Source code for synkit.CRN.Query.kegg_parse

from __future__ import annotations

import re
from dataclasses import dataclass
from typing import Any, Mapping, Optional, Sequence

from rdkit import Chem

_CID_PATTERN = re.compile(r"C\d{5}")
_MODULE_PATTERN = re.compile(r"M\d{5}")
_TERM_PATTERN = re.compile(r"^(?:(\d+)\s+)?(C\d{5})$")
_RID_PATTERN = re.compile(r"R\d{5}")
_MODULE_REACTION_LINE = re.compile(
    r"^(?P<rids>R\d{5}(?:,R\d{5})*)\s+(?P<lhs>.+?)\s*(?P<arrow><=>|->|=>|<-|<=)\s*(?P<rhs>.+)$"
)

CompoundStoich = tuple[str, int]
CompoundRecord = Mapping[str, Any]
ReactionSmilesMissing = dict[str, list[str]]



[docs]
@dataclass(frozen=True, slots=True)
class KEGGEquation:
    """
    Structured representation of a parsed KEGG reaction equation.

    :param reactants:
        Left-hand side of the equation as ``(compound_id, stoichiometry)``
        pairs.
    :type reactants: list[tuple[str, int]]
    :param products:
        Right-hand side of the equation as ``(compound_id, stoichiometry)``
        pairs.
    :type products: list[tuple[str, int]]
    :param reversible:
        Whether the original equation used the reversible arrow ``<=>``.
    :type reversible: bool

    Example
    -------
    .. code-block:: python

        equation = KEGGEquation(
            reactants=[("C00001", 1), ("C00002", 2)],
            products=[("C00008", 1)],
            reversible=False,
        )
    """

    reactants: list[CompoundStoich]
    products: list[CompoundStoich]
    reversible: bool




[docs]
def parse_kegg_field_blocks(text: str, field: str) -> list[str]:
    """
    Extract payloads from a KEGG flatfile field, including continuation lines.

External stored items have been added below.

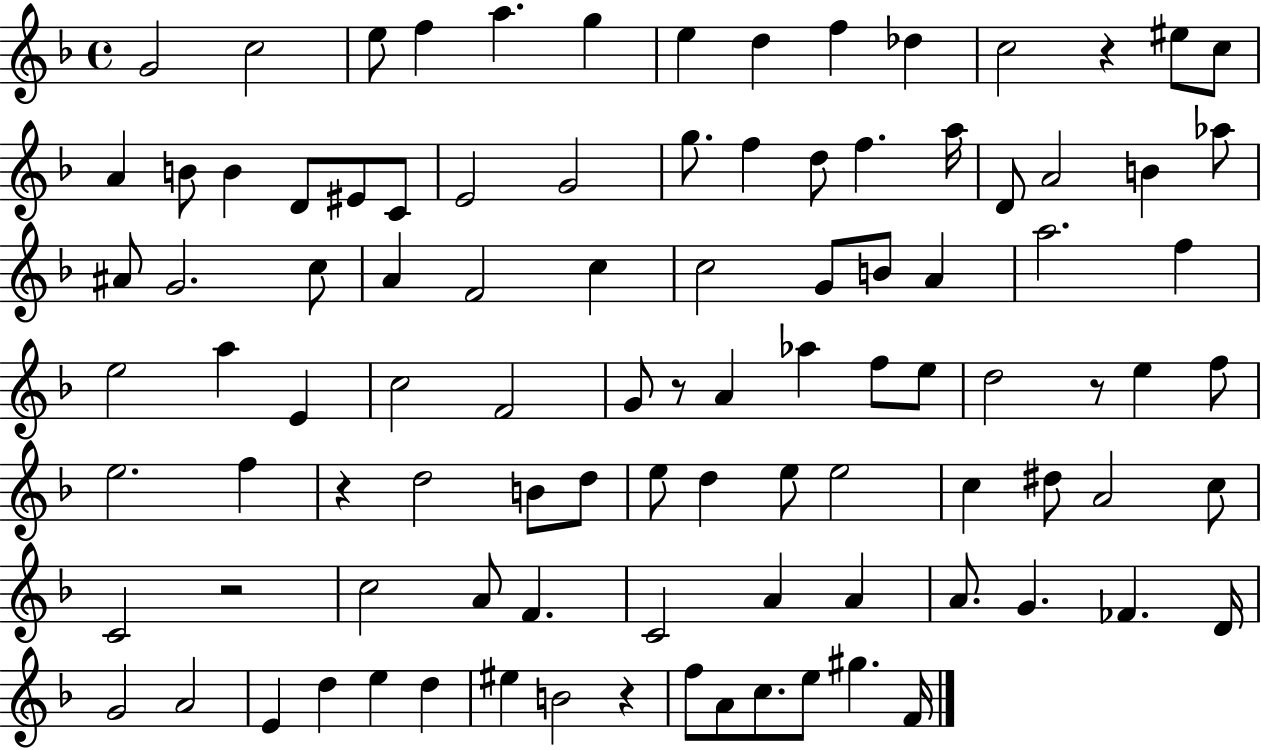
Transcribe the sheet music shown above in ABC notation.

X:1
T:Untitled
M:4/4
L:1/4
K:F
G2 c2 e/2 f a g e d f _d c2 z ^e/2 c/2 A B/2 B D/2 ^E/2 C/2 E2 G2 g/2 f d/2 f a/4 D/2 A2 B _a/2 ^A/2 G2 c/2 A F2 c c2 G/2 B/2 A a2 f e2 a E c2 F2 G/2 z/2 A _a f/2 e/2 d2 z/2 e f/2 e2 f z d2 B/2 d/2 e/2 d e/2 e2 c ^d/2 A2 c/2 C2 z2 c2 A/2 F C2 A A A/2 G _F D/4 G2 A2 E d e d ^e B2 z f/2 A/2 c/2 e/2 ^g F/4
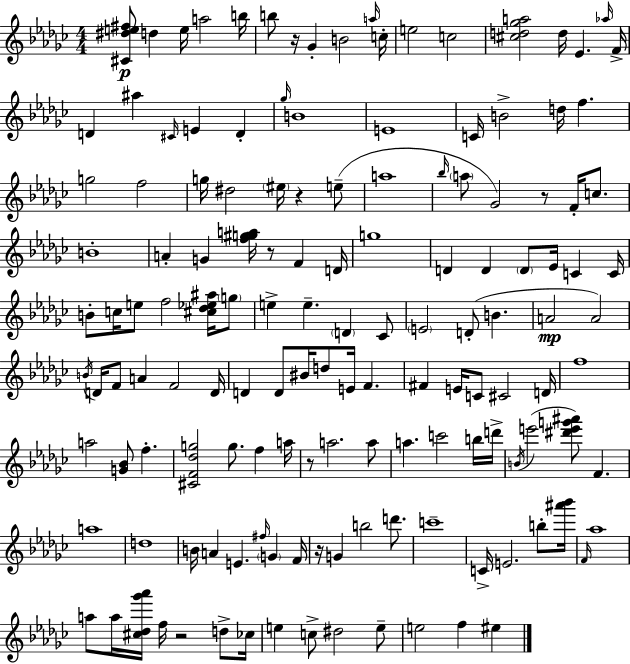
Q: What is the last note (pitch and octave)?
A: EIS5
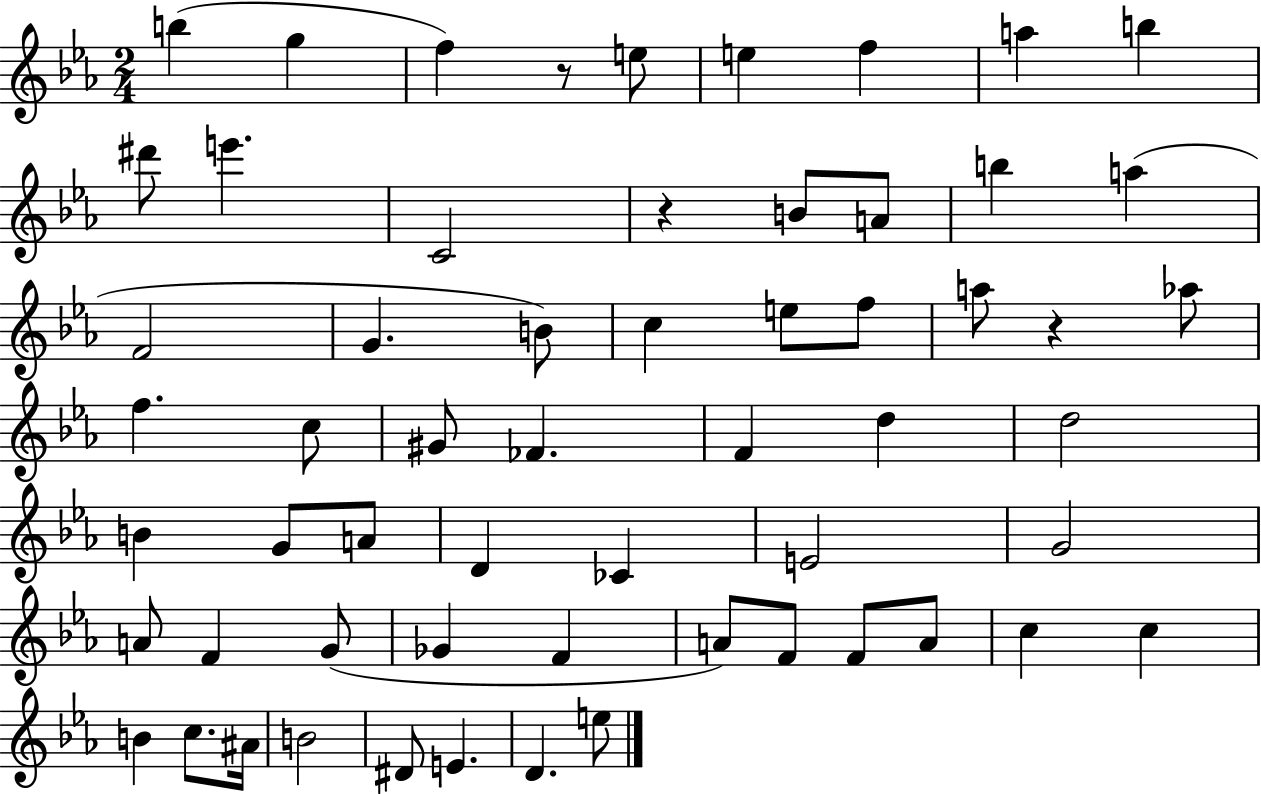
{
  \clef treble
  \numericTimeSignature
  \time 2/4
  \key ees \major
  \repeat volta 2 { b''4( g''4 | f''4) r8 e''8 | e''4 f''4 | a''4 b''4 | \break dis'''8 e'''4. | c'2 | r4 b'8 a'8 | b''4 a''4( | \break f'2 | g'4. b'8) | c''4 e''8 f''8 | a''8 r4 aes''8 | \break f''4. c''8 | gis'8 fes'4. | f'4 d''4 | d''2 | \break b'4 g'8 a'8 | d'4 ces'4 | e'2 | g'2 | \break a'8 f'4 g'8( | ges'4 f'4 | a'8) f'8 f'8 a'8 | c''4 c''4 | \break b'4 c''8. ais'16 | b'2 | dis'8 e'4. | d'4. e''8 | \break } \bar "|."
}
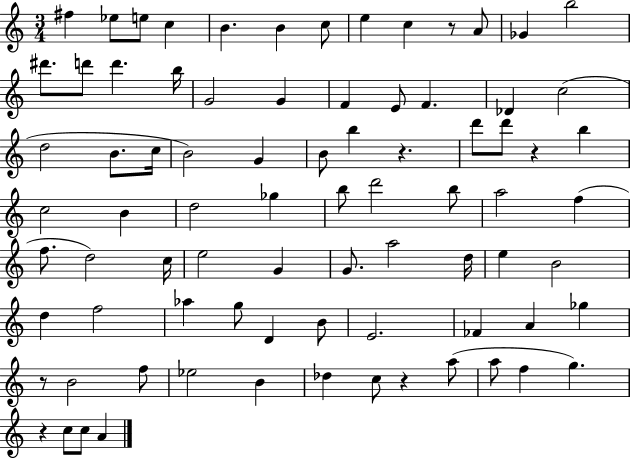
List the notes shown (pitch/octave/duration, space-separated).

F#5/q Eb5/e E5/e C5/q B4/q. B4/q C5/e E5/q C5/q R/e A4/e Gb4/q B5/h D#6/e. D6/e D6/q. B5/s G4/h G4/q F4/q E4/e F4/q. Db4/q C5/h D5/h B4/e. C5/s B4/h G4/q B4/e B5/q R/q. D6/e D6/e R/q B5/q C5/h B4/q D5/h Gb5/q B5/e D6/h B5/e A5/h F5/q F5/e. D5/h C5/s E5/h G4/q G4/e. A5/h D5/s E5/q B4/h D5/q F5/h Ab5/q G5/e D4/q B4/e E4/h. FES4/q A4/q Gb5/q R/e B4/h F5/e Eb5/h B4/q Db5/q C5/e R/q A5/e A5/e F5/q G5/q. R/q C5/e C5/e A4/q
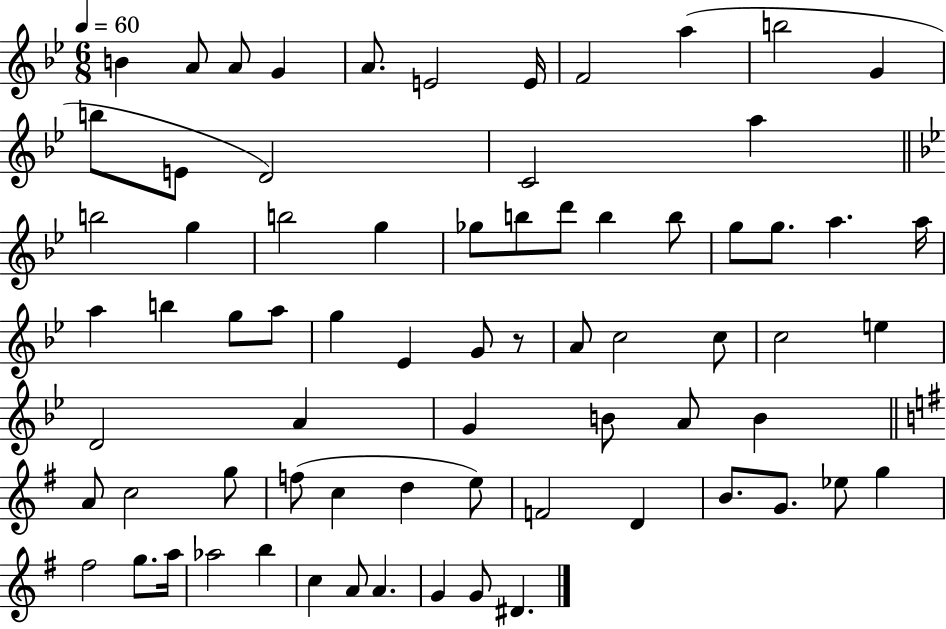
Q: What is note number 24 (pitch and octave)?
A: B5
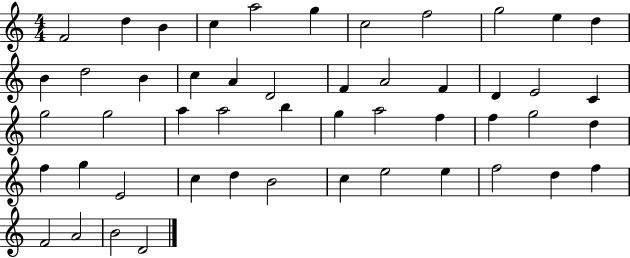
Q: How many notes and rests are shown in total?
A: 50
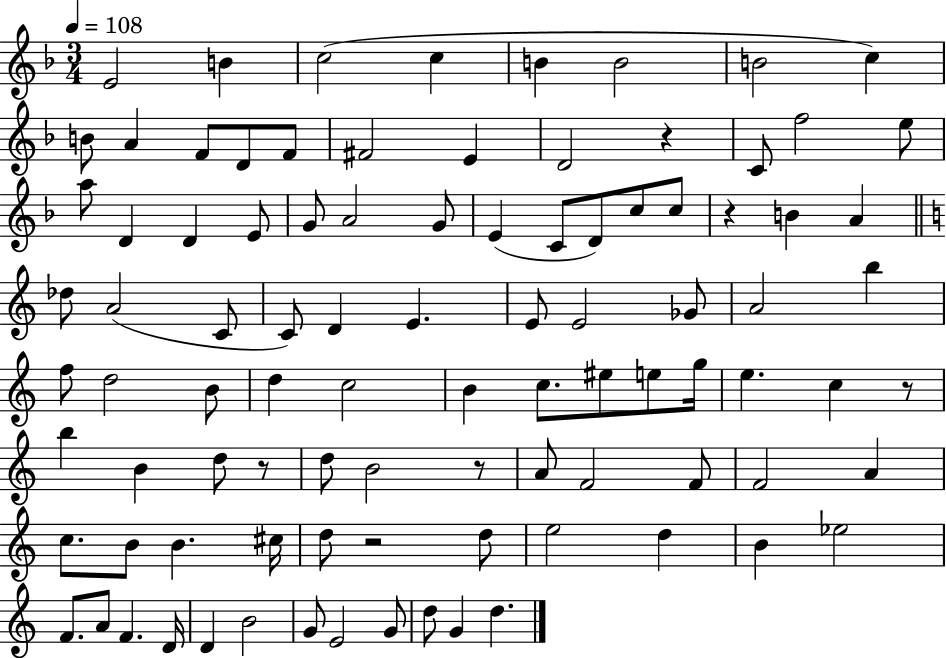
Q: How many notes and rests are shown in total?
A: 94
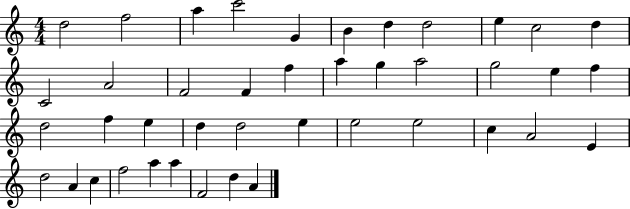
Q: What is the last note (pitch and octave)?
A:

    Continuation lines are recognized as lines beginning with spaces or tabs and
    are concatenated to the payload of the preceding field occurrence.

    :param text:
        Raw KEGG flatfile text.
    :type text: str
    :param field:
        Flatfile field name such as ``"MODULE"``, ``"REACTION"``,
        ``"EQUATION"``, or ``"NAME"``.
    :type field: str

    :returns:
        One payload string per matching field occurrence.
    :rtype: list[str]

    Example
    -------
    .. code-block:: python

        text = (
            "MODULE      M00001 Glycolysis\n"
            "            continuation line\n"
        )
        payloads = parse_kegg_field_blocks(text, "MODULE")
    """
    payloads: list[str] = []
    lines = text.splitlines()
    i = 0

    while i < len(lines):
        line = lines[i]
        if line.startswith(field):
            payload = line[len(field) :].strip()  # noqa
            j = i + 1
            continuation: list[str] = []

            while j < len(lines) and (
                lines[j].startswith(" ") or lines[j].startswith("\t")
            ):
                continuation.append(lines[j].strip())
                j += 1

            if continuation:
                payload = (payload + " " + " ".join(continuation)).strip()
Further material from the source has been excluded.